The bike helmet should sit level across the middle of the forehead, no more than 1″ above the eyebrows. If the helmet sits high on the forehead or moves more than 1″ when you push the helmet from side to side or front to back, you need to adjust the fit or you may need to buy a different size. You might also consider gloves, elbow- and shinguards and knee pads. Be sure shoelaces are tucked out of the way and avoid loose pant legs.

You will need a proper location to teach your child to ride a bike. Choose a traffic-free area where a child can learn to ride safely. Find a place that is large, flat, smooth and paved. This location might be a driveway, park path, school blacktop or empty parking lot. Empty tennis or basketball courts can also work well.

Finally, you will need to prepare the bike properly. The following is a list of proper preparation steps. 

  • Remove the training wheels. Training wheels help kids grow accustomed to sitting on a bike and using their legs to pedal, but they won’t help them learn to balance. In fact, many professionals dislike training wheels because they teach bad steering habits from the start. 
  • Remove the pedals and lower the seat: This allows kids to sit upright with their legs straight and their feet flat on the ground.

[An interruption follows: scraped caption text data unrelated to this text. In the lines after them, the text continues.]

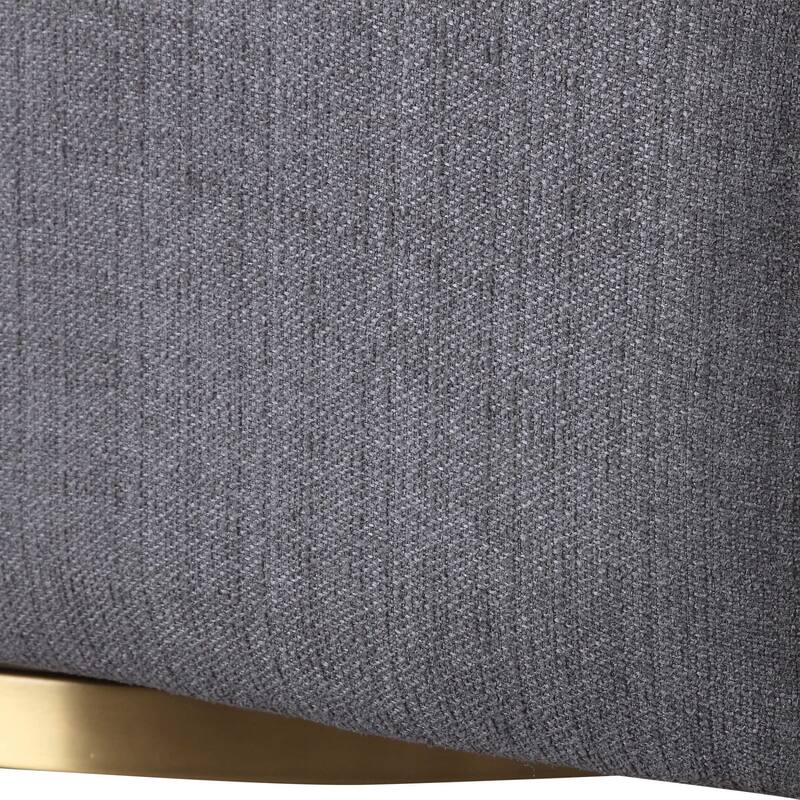 32.25"charcoal Gray Contemporary Tufted Swivel Chair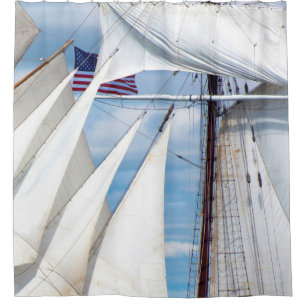 Segelt einfach duschvorhang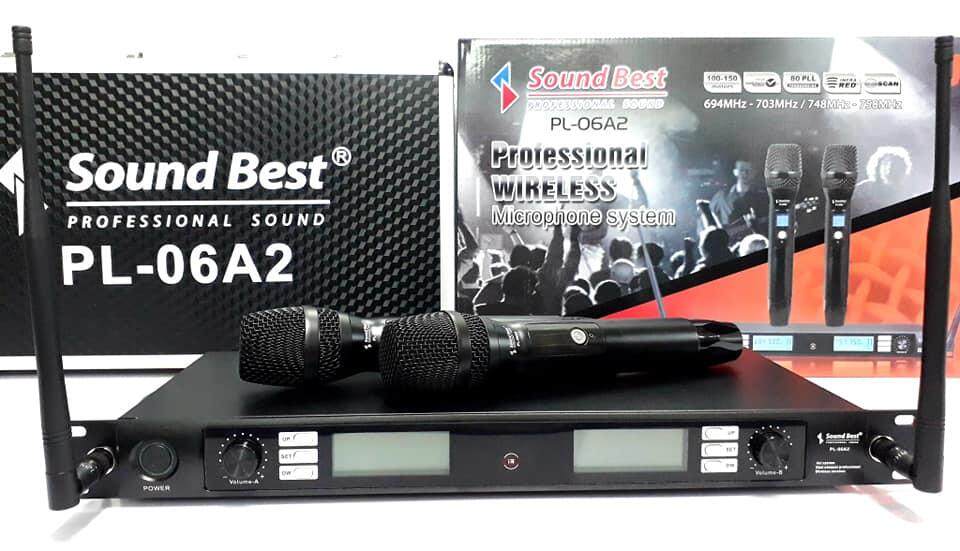 Sound best ไมค์ลอย รุ่น : PL - 06A2 สินค้าใหม่ประจำเดือนเมษายน 2562 เสียงคมชัด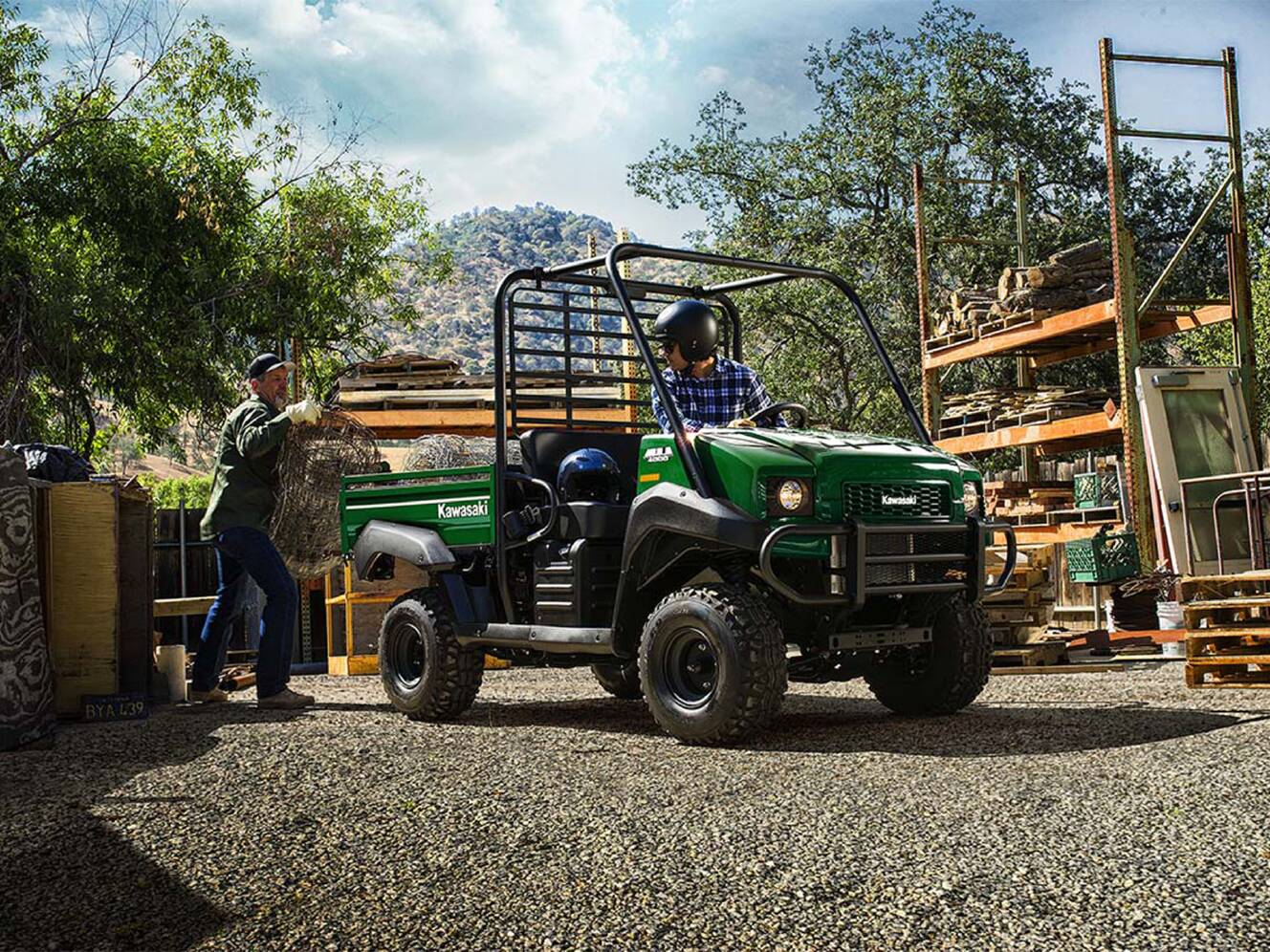 A photo of this 2026 Kawasaki MULE™ 4000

The goal is to help them feel more comfortable and steady as they begin learning balance. (Note: Pedals can be removed most easily using a pedal wrench.)
  • Properly inflate the bike tires. The bicycle will roll more smoothly and your child will have an easier time coasting when bike tires are inflated to the correct pressure. Look for the recommended tire pressure printed on tire sidewalls.

You are now ready to teach your child to ride using the pedal-less method. 

Look, Ma! No Pedals! 

This method is preferred by many, because this is the easiest way to teach your child balance. It is also best for a particularly anxious child because they will feel like they have more control if you teach them to balance first.  

Using the bike you have now modified correctly, you can teach your child how to balance, and how to coast. Have your child scoot around on the bike until they are comfortable with basic balance while moving with their feet on the ground.

Next, have them take a few steps to get moving then lift their feet off of the ground to coast. You can show them on your own bike by getting the bike moving and stretching your own legs out straight to the sides for balance.

Remember to keep this fun and make a game of seeing how long they can coast without putting their feet down.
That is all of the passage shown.